How to complete this task:
From the data below, report how many lines contain the word "Royalty", giving the number and nothing else.

Stored data
□ □ □ □

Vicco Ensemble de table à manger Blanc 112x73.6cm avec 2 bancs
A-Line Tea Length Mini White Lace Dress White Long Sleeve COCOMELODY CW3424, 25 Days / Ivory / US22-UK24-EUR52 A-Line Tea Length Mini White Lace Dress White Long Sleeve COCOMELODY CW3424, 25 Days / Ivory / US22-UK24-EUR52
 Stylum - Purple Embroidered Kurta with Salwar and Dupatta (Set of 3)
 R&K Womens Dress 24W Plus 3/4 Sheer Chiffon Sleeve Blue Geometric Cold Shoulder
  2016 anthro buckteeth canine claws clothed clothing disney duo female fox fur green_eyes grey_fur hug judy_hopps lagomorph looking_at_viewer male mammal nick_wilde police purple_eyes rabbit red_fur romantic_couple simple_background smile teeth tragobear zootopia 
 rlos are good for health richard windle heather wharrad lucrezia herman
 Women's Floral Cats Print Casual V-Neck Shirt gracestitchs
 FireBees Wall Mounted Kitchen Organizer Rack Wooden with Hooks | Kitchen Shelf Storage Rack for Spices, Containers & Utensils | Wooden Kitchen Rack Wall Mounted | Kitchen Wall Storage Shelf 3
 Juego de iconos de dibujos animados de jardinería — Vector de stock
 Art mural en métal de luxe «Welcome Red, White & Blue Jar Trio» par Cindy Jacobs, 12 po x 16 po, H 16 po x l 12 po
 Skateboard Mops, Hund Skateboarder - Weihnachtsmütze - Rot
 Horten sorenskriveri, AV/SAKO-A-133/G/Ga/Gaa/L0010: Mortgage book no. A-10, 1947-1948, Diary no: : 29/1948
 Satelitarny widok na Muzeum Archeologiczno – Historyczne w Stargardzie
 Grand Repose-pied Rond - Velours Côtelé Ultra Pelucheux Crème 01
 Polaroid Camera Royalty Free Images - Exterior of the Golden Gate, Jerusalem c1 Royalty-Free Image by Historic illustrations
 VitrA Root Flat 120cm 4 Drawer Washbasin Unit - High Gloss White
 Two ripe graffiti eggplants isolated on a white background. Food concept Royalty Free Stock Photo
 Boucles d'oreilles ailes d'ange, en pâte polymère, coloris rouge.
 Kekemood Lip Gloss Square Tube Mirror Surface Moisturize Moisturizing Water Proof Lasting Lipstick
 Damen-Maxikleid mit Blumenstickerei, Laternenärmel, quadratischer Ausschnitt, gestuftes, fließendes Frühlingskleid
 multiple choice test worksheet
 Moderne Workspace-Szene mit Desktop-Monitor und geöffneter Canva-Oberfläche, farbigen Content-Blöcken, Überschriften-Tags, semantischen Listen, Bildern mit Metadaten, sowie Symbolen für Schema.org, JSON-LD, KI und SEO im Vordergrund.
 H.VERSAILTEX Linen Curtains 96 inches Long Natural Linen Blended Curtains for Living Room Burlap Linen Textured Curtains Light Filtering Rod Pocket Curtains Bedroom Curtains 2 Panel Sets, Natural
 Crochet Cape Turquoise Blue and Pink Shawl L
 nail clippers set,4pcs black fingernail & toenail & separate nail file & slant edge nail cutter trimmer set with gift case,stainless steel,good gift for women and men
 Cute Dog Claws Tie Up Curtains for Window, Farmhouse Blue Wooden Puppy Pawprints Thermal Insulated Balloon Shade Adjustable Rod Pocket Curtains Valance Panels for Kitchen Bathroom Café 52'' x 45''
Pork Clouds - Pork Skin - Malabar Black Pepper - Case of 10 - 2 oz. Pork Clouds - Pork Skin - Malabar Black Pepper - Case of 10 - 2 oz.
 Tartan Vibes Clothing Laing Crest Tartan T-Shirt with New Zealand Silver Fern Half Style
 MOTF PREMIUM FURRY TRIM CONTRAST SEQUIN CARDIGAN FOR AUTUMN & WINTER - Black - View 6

□ □ □ □

Answer to the exercise:
2